Start of Information

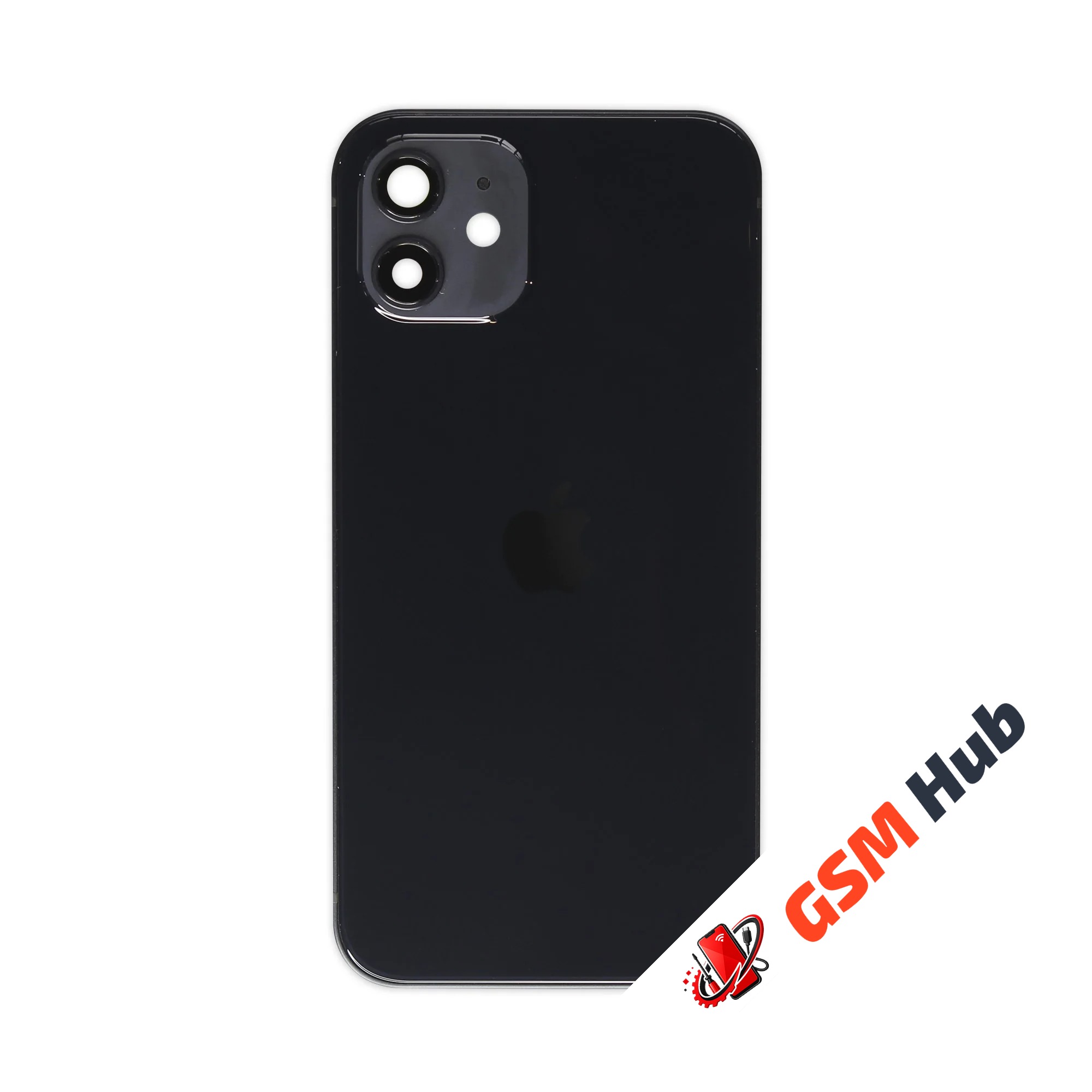 Корпус с кнопками iPhone 12 Оригинал (Black)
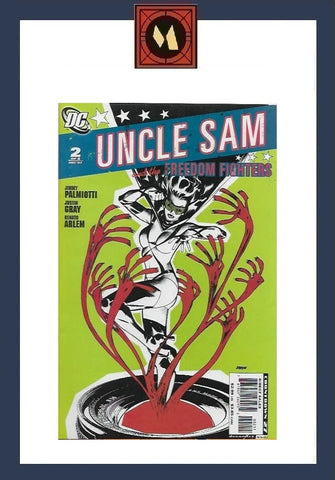 Uncle Sam and the Freedom Fighters #2 - DC Comics - 2007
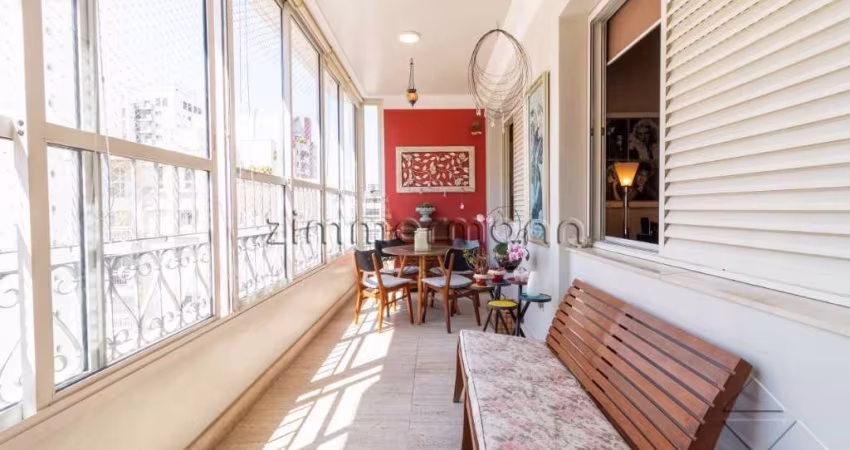 Apartamento com 4 quartos à venda na Alameda Joaquim Eugênio de Lima, --, Jardim Paulista, São Paulo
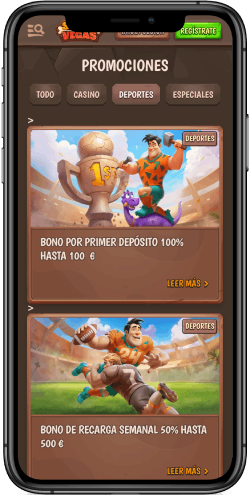 Stonevegas promocionales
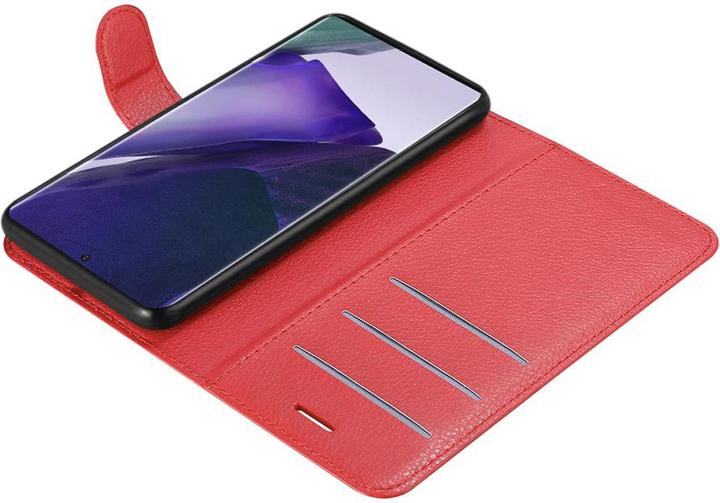 Produktbild Cadorabo Book mit Standfunktion Cover (Samsung Galaxy Note 20+)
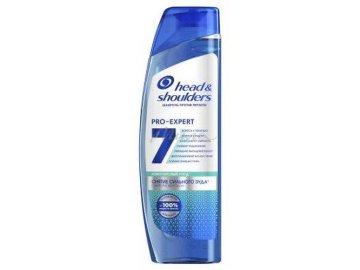 Шампунь против перхоти HEAD & SHOULDERS 7 в 1 Снятие сильного зуда, 300 мл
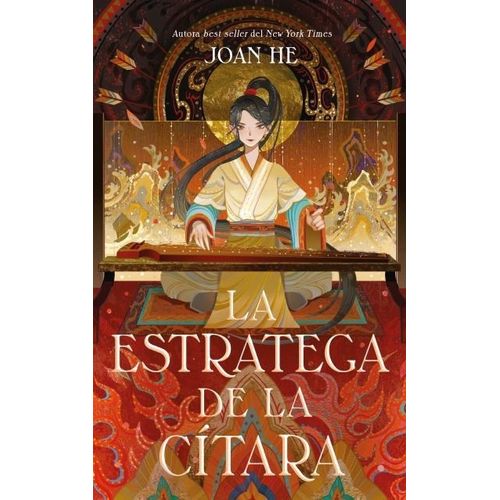 LA ESTRATEGA DE LA CITARA - JOAN HE
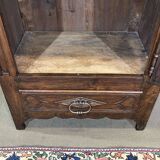 Bonnetière 18ème en noyer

End of Information

*How to complete this task*.
Restate word for word the lines beginning with the one that contains "Шампунь против перхоти" and ending with the last line of the listing; pictures stay out.

*Completed exercise*.
 Шампунь против перхоти HEAD & SHOULDERS 7 в 1 Снятие сильного зуда, 300 мл
 LA ESTRATEGA DE LA CITARA - JOAN HE
 Bonnetière 18ème en noyer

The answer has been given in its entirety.